1. The Government Is a Big Bully.
Gasparino explicitly says he’s not defending insider trading. But he does argue that the U.S. government wastes resources by pursuing insider trading to the extent it currently does, and that its prosecutors often treat white-collar suspects like mob bosses. When the FBI finally confronted Galleon Group hedge fund billionaire Raj Rajaratnam in 2009, they told him “to look at his children because it could be the last time he’d see them for a long time” and that he should also look at his wife because she’ll have a great time spending his money while he’s in jail. Embarrassed by a failed case in the early 2000s involving Art Samberg, the head of Pequot Capital, prosecutors have pursued a scorched-earth strategy against investors. And since penalties for white-collar crime have gone up in recent years, prosecutors can threaten their prey with sentences that are potentially longer than those given to convicted rapists. The government has also expanded the use of wiretapping—a tactic formerly used to bust Mafiosi and terrorists—to pursue insider traders.
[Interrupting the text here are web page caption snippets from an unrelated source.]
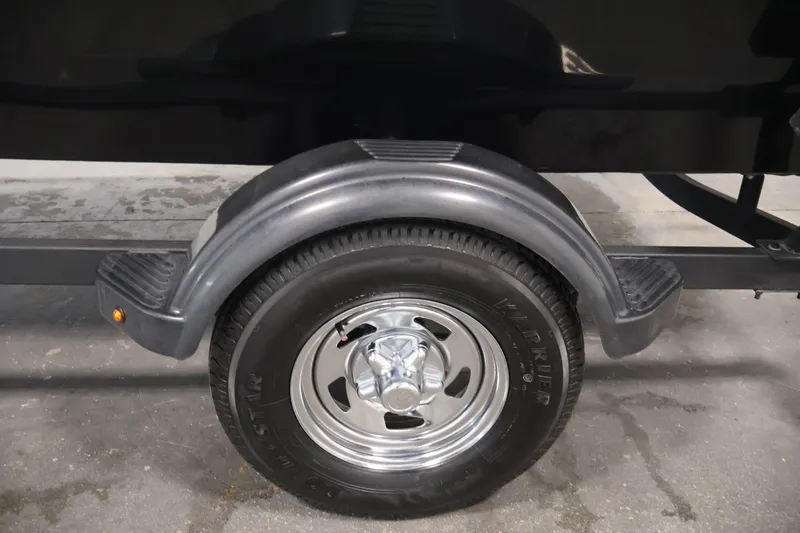 Slide: The Image of 2024 Tracker Bass Tracker Classic XL trailer wheel and fender detail. - 47
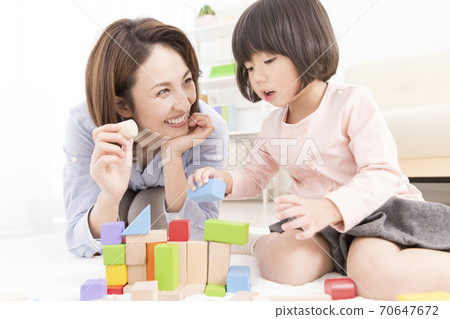Mother and daughter playing with blocks 70647672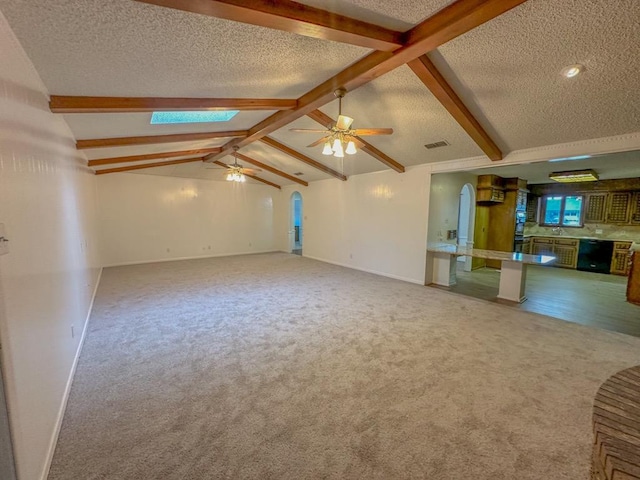 unfurnished living room with ceiling fan, a textured ceiling, carpet floors, and vaulted ceiling with skylight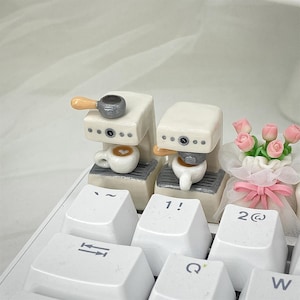 Puede incluir: Dos máquinas de espresso en miniatura blancas con un mango marrón y una taza de café con un diseño de corazón. Las máquinas están sobre un teclado blanco con teclas etiquetadas con "~", "!", "2@", "←", "Q" y "W".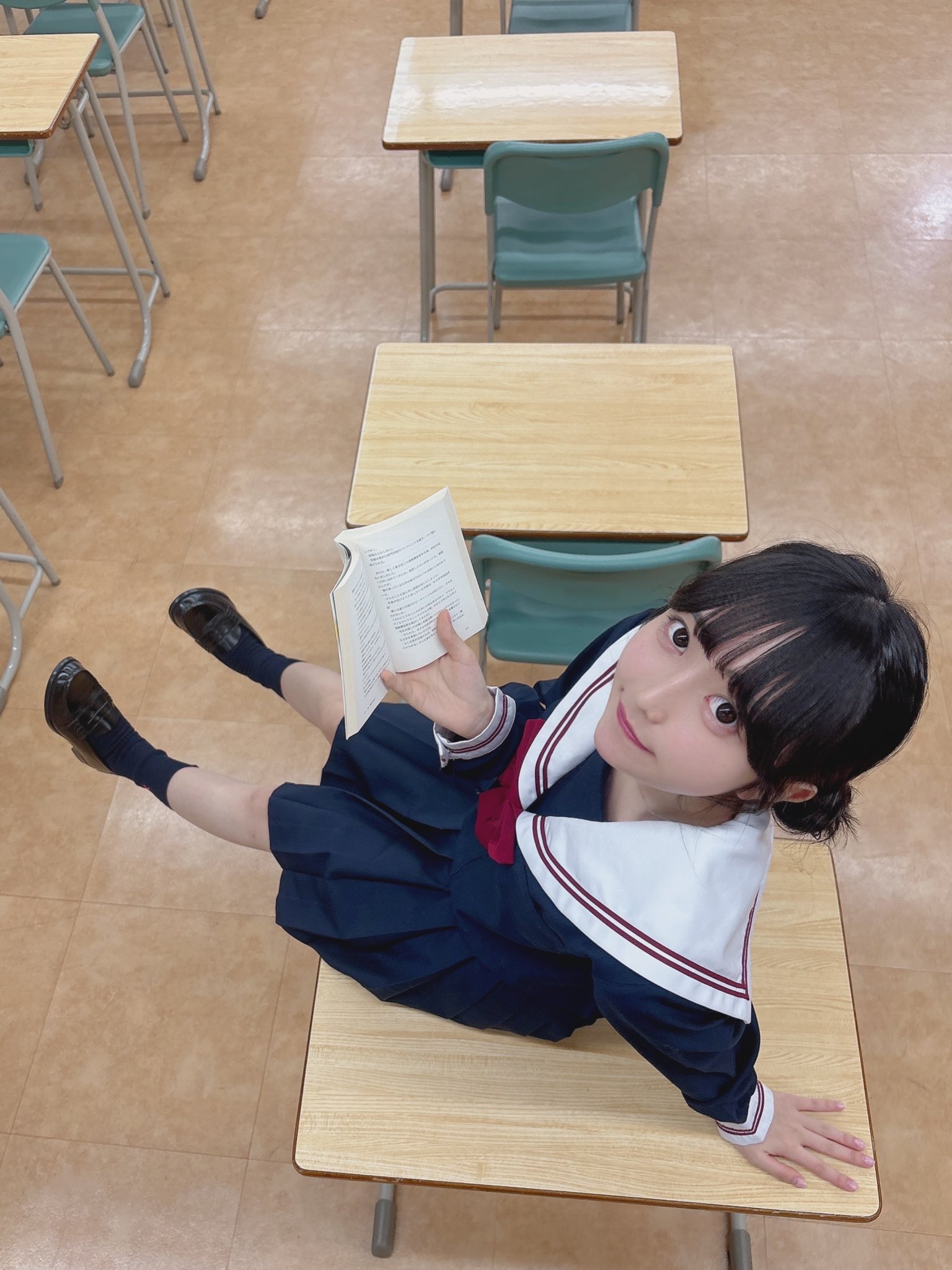 女孩在坐在桌子上读一本书。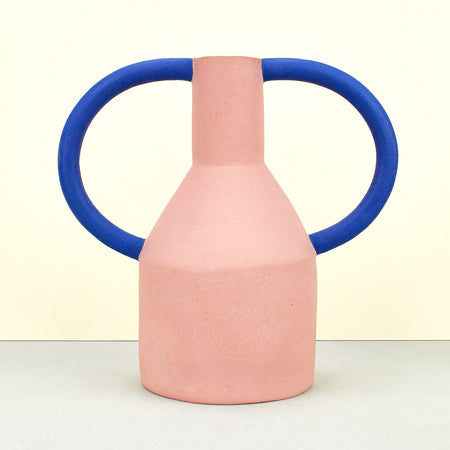 Matte pink vases with cobalt blue internal glaze. blue handles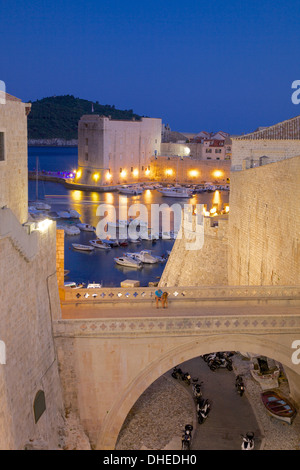 Harbour and Old City Walls at dusk, UNESCO World Heritage Site, Dubrovnik, Dalmatia, Croatia, Europe Stock Photo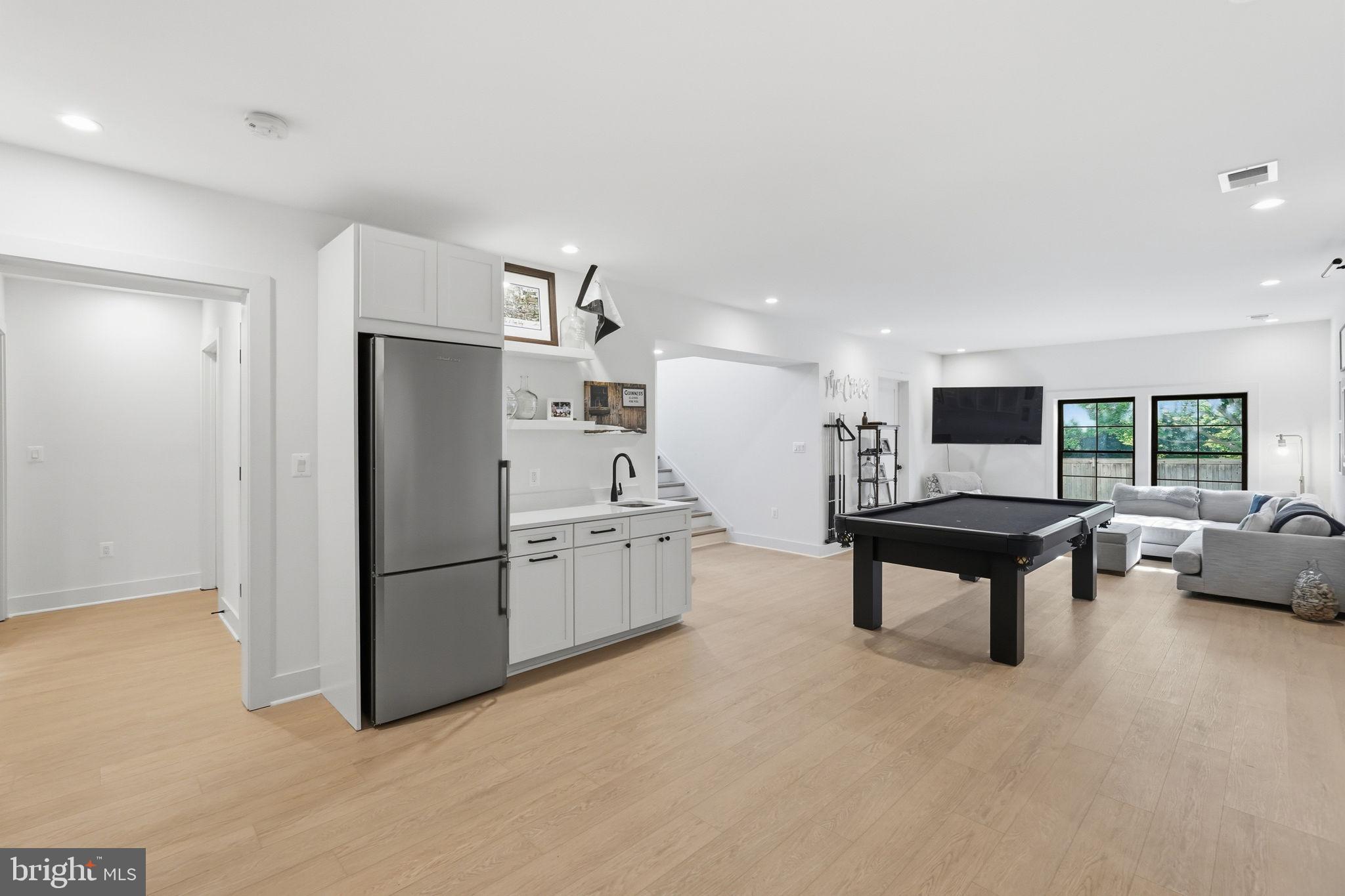 6026 Little Falls Road Arlington, VA 22207 - Photo 40 of 44 Lower level rec room with kitchenette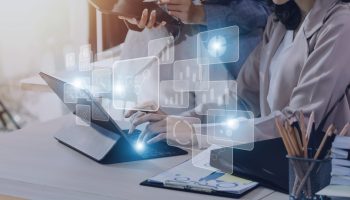 Big data analytics and business intelligence concept with chart and graph icons on a digital screen interface and a businessman hand in background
2. Paris Hilton – Market Mover?
When confronted by FBI agents, Rhoomy Kahn, a Silicon Valley–based consultant who peddled insider tips to investors like Rajaratnam, initially claimed that she made a large purchase of Hilton Hotels stock because of Paris Hilton’s exploits were generating an enormous amount of press and investor attention for the company her ancestors founded. In the end, Kahn copped to making the move on a tip about Blackstone’s takeover from an analyst named Deep Shah.
3. A Seer Foretold Rajaratnam’s Betrayal.
Raj Rajaratnam, founder of the hedge fund Galleon Group, pursued a Wall Street lifestyle. But his sister Vandani became enamored with mysticism. In 2007 she called Rajaratnam and told him that a psychic “told her that a woman with a mole on her face, an Indian woman at that, was going to betray him.” When he was arrested, Rajaratnam remembered that Roomy Kahn, whose cooperation helped the government get a wiretap on Rajaratnam, had a facial mole.
4. FBI Superagents
A large portion of the book focuses on the talented FBI agents Richard Jacobs, David Chaves, B.J. Kang, and David Makol, who are considered among the best at getting targets to flip and turn informant. All four had experience in the fascinating domino effect that happens in insider-trading rings as criminals turn on each other. Chaves and Makol were something out of a buddy cop movie, with Chaves known as the “velvet fist” for his success at extracting information by being nice, while Makol, who is referred to as an “asshole,” was known for surprising targets while out walking the dog or eating at a restaurant. Kang, who worked on Jacobs’s team, was an ice-cold operator who would never yell or intimate the violence that awaited in prison to flip an informant, but rather just simply lay out the choices: a productive life after cooperation compared with a disrupted life if the suspect fought and lost. And Gasparino’s book does a good job detailing the difference between cooperating (potentially no jail time, a fine, and community service) versus not cooperating or pleading not guilty (increased jail time and penalties).
5. What People Do When Confronted
Gasparino details individual reactions when they first are confronted by the FBI. Some people, agents told the author, can’t control their bodily functions. Some plead with the FBI to let them go. Others apparently faint. Some, like Rhoomy Kahn, tell a lot of lies and then burst into tears. David Slaine, a former big-time trader who became one of the FBI’s biggest informants, reacted calmly and acquiesced to the FBI’s demands after assessing the pros and cons. Dani Chiesi, a glamorous trader and Rajaratnam associate, was arrested and paraded in front of cameras sans makeup. And there was in fact somebody who fainted—Anil Kumar, a former McKinsey & Co. executive vice president.
6. Bernard Madoff
Gasparino stresses that insider traders often don’t hurt individuals the way a swindler like Bernard Madoff did. While the SEC and the FBI were devoting prodigious resources to pursuing insider trading at hedge funds, Madoff and his multi-billion-dollar Ponzi scheme went unchecked, despite several encounters with the SEC. Madoff, whose schemes cost investors almost $50 billion, essentially turned himself in. And the reason the SEC offered as to why Madoff had operated for so long unnoticed? The agency’s personnel were stretched too thin.
One of many eye-roll-inducing details that surface about the insider culture of finance was the nickname of a young trader who in his insider-trading circle was known as “Octopussy” because of the number of sources and friends he had (thus no relation to the James Bond villain). Zvi Goffer was the young trader who earned that moniker, and his brash arrogance shocked agents as he was brazenly open with his methods of how to cheat the system.